With Russia’s invasion in its third week, the Ukrainian intelligence service said the seven, including one child, were killed as they fled the village of Peremoha and “the occupiers forced the remnants of the column to turn back”.

Ukrainian officials later said the convoy was not traveling along a “green corridor” agreed with Russia when it was struck on Friday, correcting their earlier assertion that it was on such a designated route.  

Reuters was unable immediately to verify the report and Russia offered no immediate comment. Moscow denies targeting civilians since invading Ukraine on Feb 24. It blames Ukraine for failed attempts to evacuate civilians from encircled cities, an accusation Ukraine and its Western allies strongly reject.

Ukrainian President Volodymyr Zelensky said earlier that Moscow was sending in new troops after Ukrainian forces put 31 of Russia's battalion tactical groups out of action in what he called Russia's largest army losses in decades. It was not possible to verify his statements.

He also said about 1,300 Ukrainian troops had been killed so far and urged the West to get more involved in peace negotiations. The president suggested Russian forces would face a fight to the death if they sought to enter the capital.

"If they decide to carpet bomb (Kyiv), and simply erase the history of this region... and destroy all of us, then they will enter Kyiv. If that's their goal, let them come in, but they will have to live on this land by themselves," he said.

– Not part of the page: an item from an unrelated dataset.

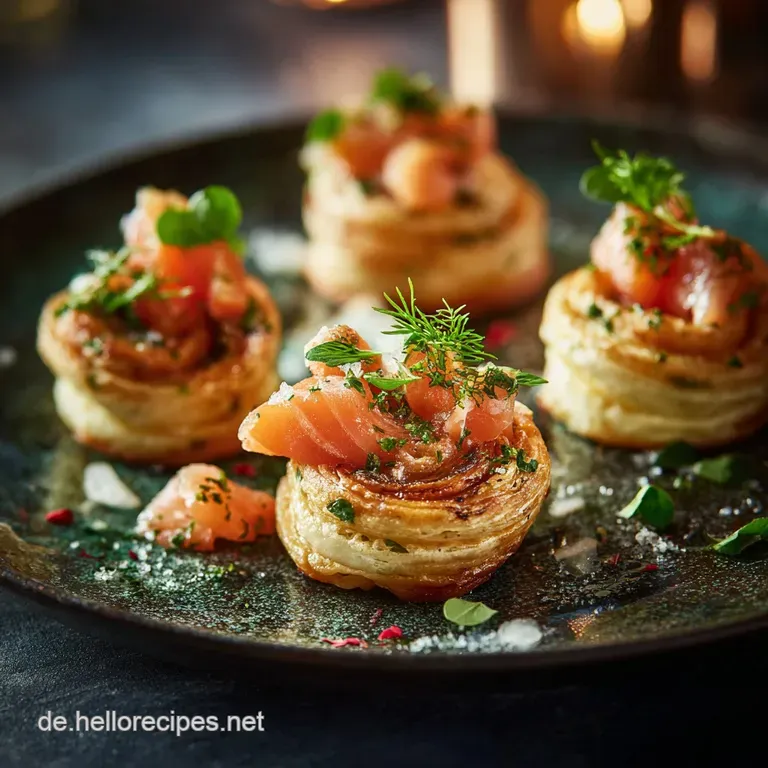Bl&auml;tterteigschnecken Mit Lachs Und Frischk&auml;se: Knuspriges Fingerfood Vom Blech presentation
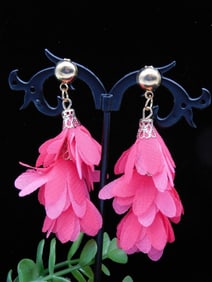 Pink Petal Dangle Earrings with Gold-Tone Accents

Mr Zelensky discussed the war with German Chancellor Olaf Scholz and French President Emmanuel Macron, who then spoke to Mr Putin by phone and urged him to order an immediate ceasefire.

A Kremlin statement on the 75-minute call made no mention of a ceasefire and a French presidency official said: "We did not detect a willingness on Putin's part to end the war."

Russian Deputy Foreign Minister Sergei Ryabkov accused the United States of escalating tensions and said the situation had been complicated by convoys of Western arms shipments to Ukraine that Russian forces considered "legitimate targets".

In comments reported by the Tass news agency, Ryabkov made no specific threat, but any attack on such convoys before they reached Ukraine would risk widening the war.

Responding to Mr Zelensky's call for the West to be more involved in peace negotiations, a US State Department spokesman said: "If there are diplomatic steps that we can take that the Ukrainian government believes would be helpful, we're prepared to take them."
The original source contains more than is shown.